Philadelphia News & Search
Widener University will discount tuition up to 50 percent for Chester city employees, their spouses and dependents for certain associate’s and bachelor’s degrees, as well as masters of education, school officials announced Thursday.
The Chester-based university already partners with Philadelphia to offer a 25 percent discount to that city’s workers through the Returning to Learning Partnership. Under the program, more than a dozen schools provide tuition breaks to Philadelphia employees.
Three hundred people who work for Chester, along with their family members, will be eligible for deep discounts on majors including allied health, legal studies, general studies, criminal justice, liberal arts, organizational leadership and psychology through Widener’s Center for Continuing Studies. They also can enroll in three online master of education programs: allied health education, education foundations, and instructional technology.
The program takes effect immediately and lasts until 2021, when either the city or the university can take steps to extend it.

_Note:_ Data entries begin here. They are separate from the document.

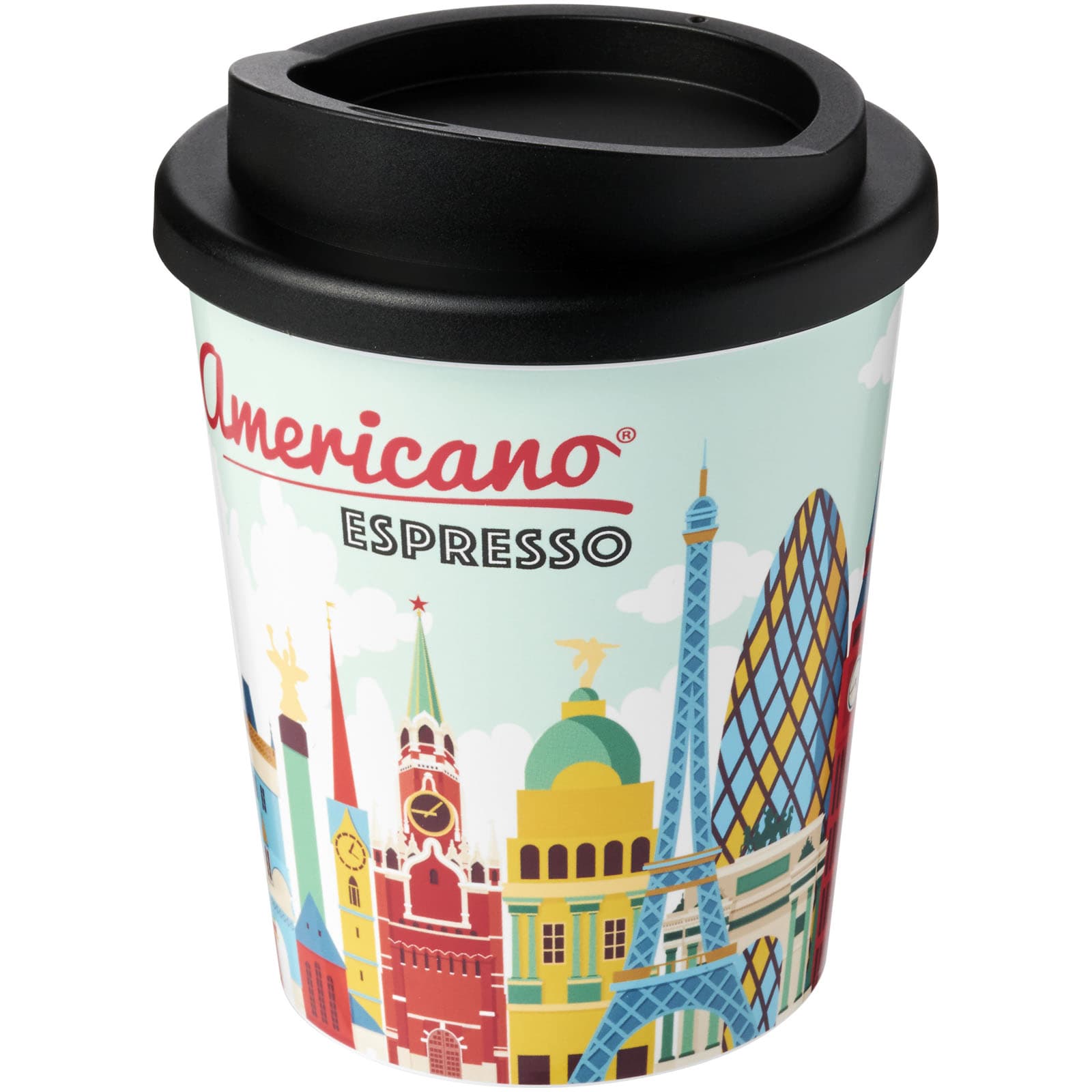 Brite-Americano® Espresso 250 ml isolert kopp, Solid svart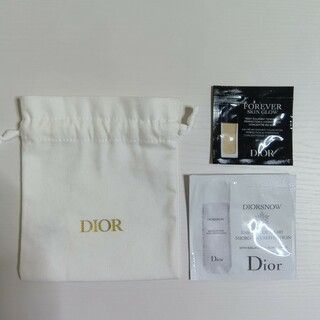 クリスチャンディオール(Christian Dior)のChristian Dior サンプルと巾着(サンプル/トライアルキット)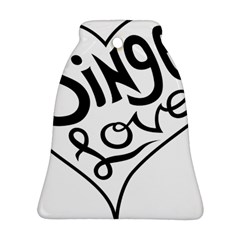 Singer Love Sign Heart Bell Ornament (two Sides)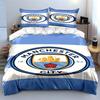 Manchester City Logo Pattern. Bedding Sets Duvet Cover Sets Duvet Covers Pillowcases(1 * Duvet Cover 2 * Pillowcases, Without Duvet Insert)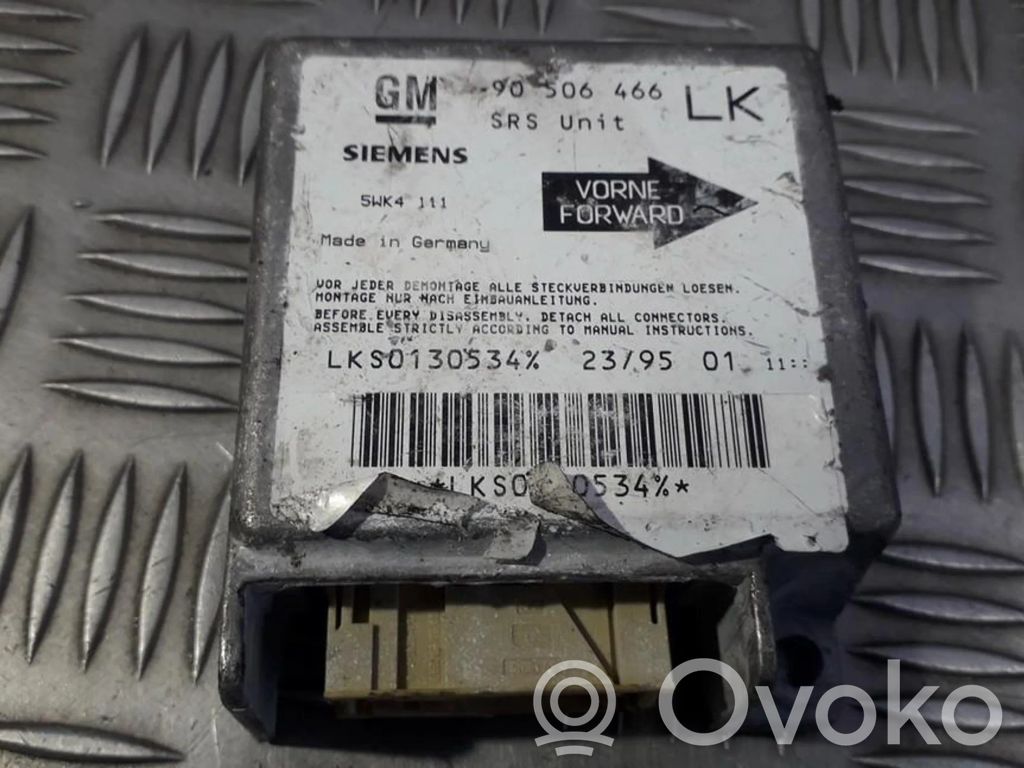 Opel Vectra B Sterownik / Moduł Airbag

In a news release, Chester Mayor Thaddeus Kirkland called the new partnership “a pivotal stepping stone, not just for the employees but the entire City of Chester.” Through higher education, he said, employees “will better serve our community.”
Undergraduate tuition at Widener is $43,296, although 97 percent of students receive some form of financial aid, according to its website. The university has 3,591 undergraduates and 2,811 in graduate school.

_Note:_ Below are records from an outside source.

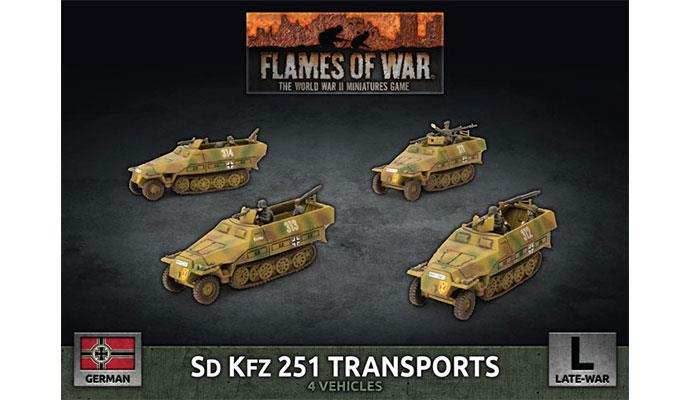 Flames of War: German SD KFZ 251 Transports (Late War) - 
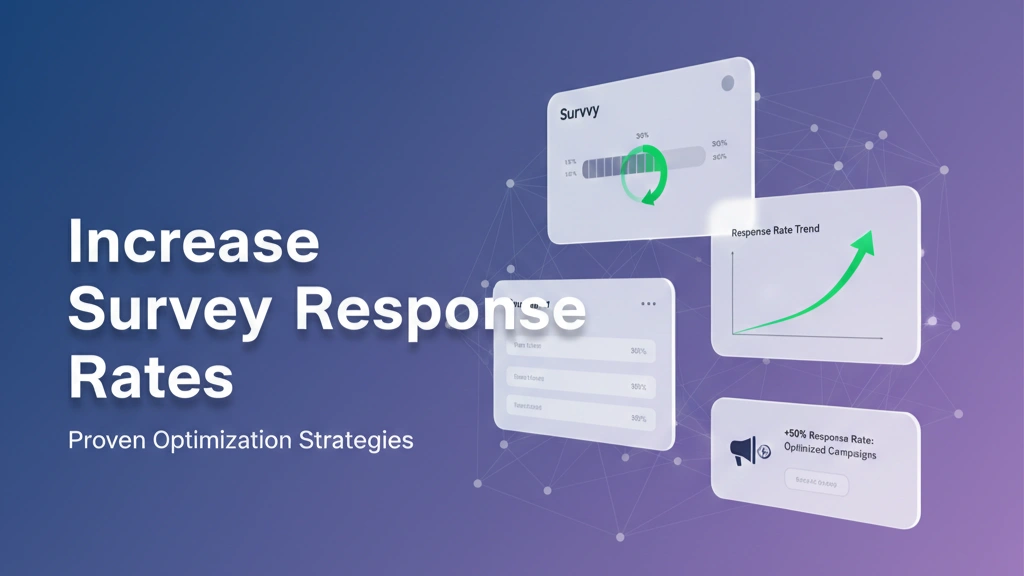Improving survey response rates with optimized feedback form design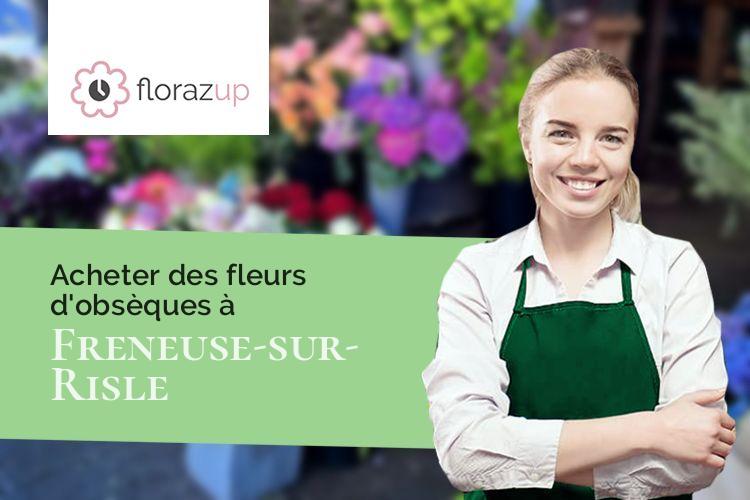 créations florales pour un décès à Freneuse-sur-Risle (Eure/27290)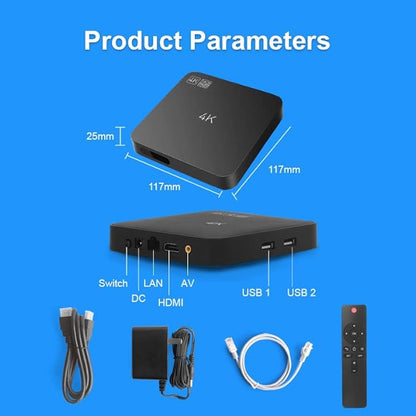 Smart Digital Signage Player with Non-Subscription CMS Software 7x24 Stable Auto Play Make TV Set Become LCD Display Andriod 4K Advertising Media Player(YM05)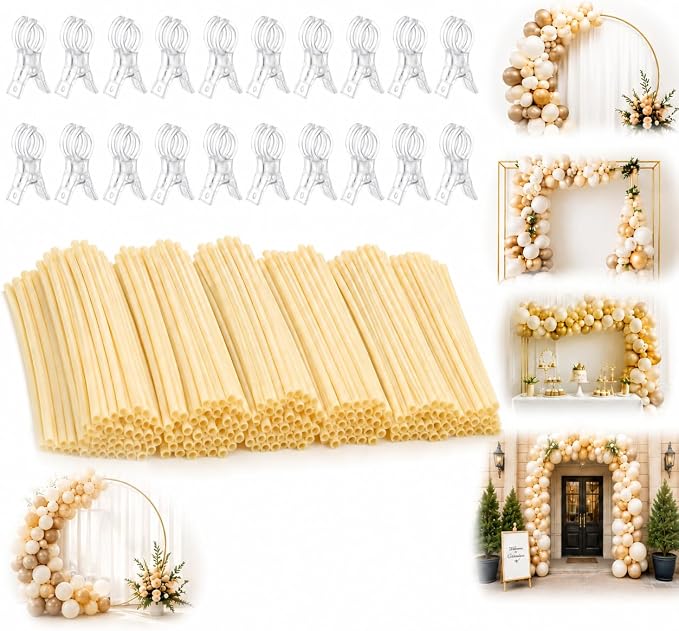 20 Pack Balloon Arch Clips and Rubber Bands by Unknown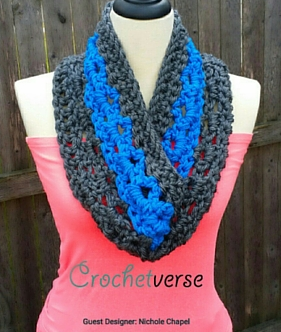 One-Plus-One-and-Done Crochet Cowl
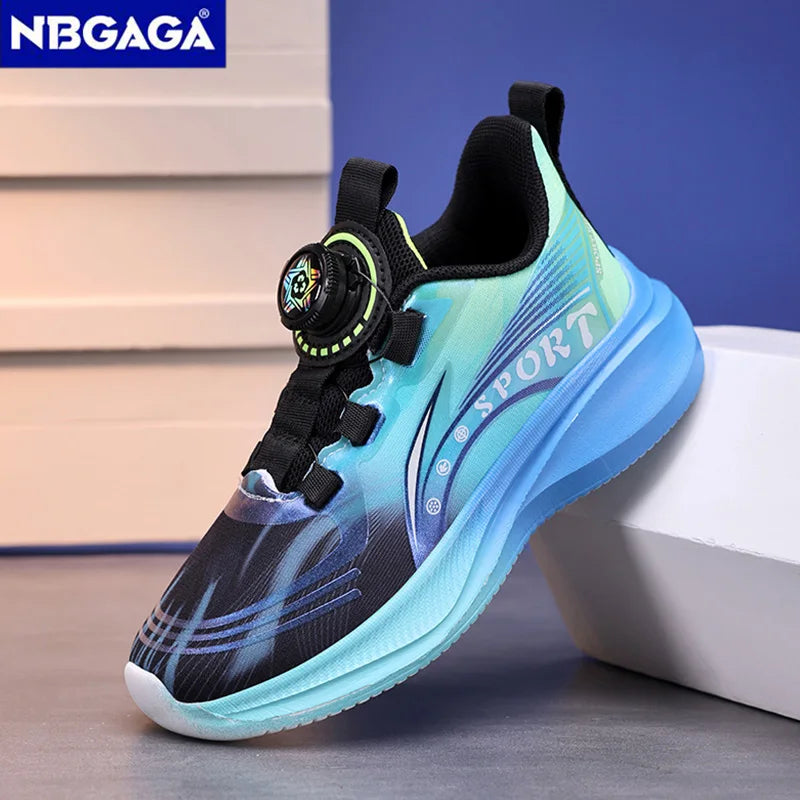 Kids Sneakers Breathable Student Boys Basketball Sports Shoes for Children Outdoor Training Trendy Tennis Size 28-39
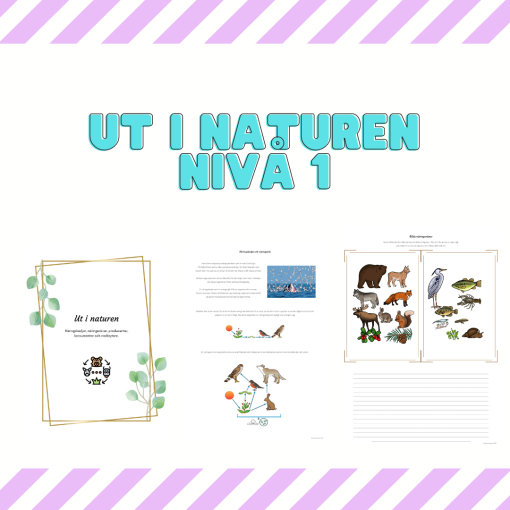 Ut i naturen - nivå 1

Undergraduate course work in the Center for Continuing Studies will be discounted 45 percent. A 50 percent discount will be offered for the online master of education programs. The master’s programs costs about $23,700. The Center for Continuing Studies charges $600 to $900 per credit, depending on the program.
University president Julie E. Wollman said in the announcement that “as neighbors, we are proud to share these academic opportunities with the men and women who contribute to the city’s progress through their work in public service.”
She added in an interview Thursday that “I feel personally that education is fundamental to developing a thriving city and economic development…Certainly, it’s clearly the fundamental area, where if we’re going to make a difference, that’s where it all starts.”
Situated in one of Pennsylvania’s poorest communities, Widener and its students help the struggling city in various ways, such as volunteering to tutor, help out at food pantries and work with the Boys & Girls Club. The school also runs the Widener Partnership Charter School.
Besides Philadelphia, other cities that have cut deals with colleges to give their workers breaks on higher education costs include Pittsburgh, Harrisburg, and San Diego.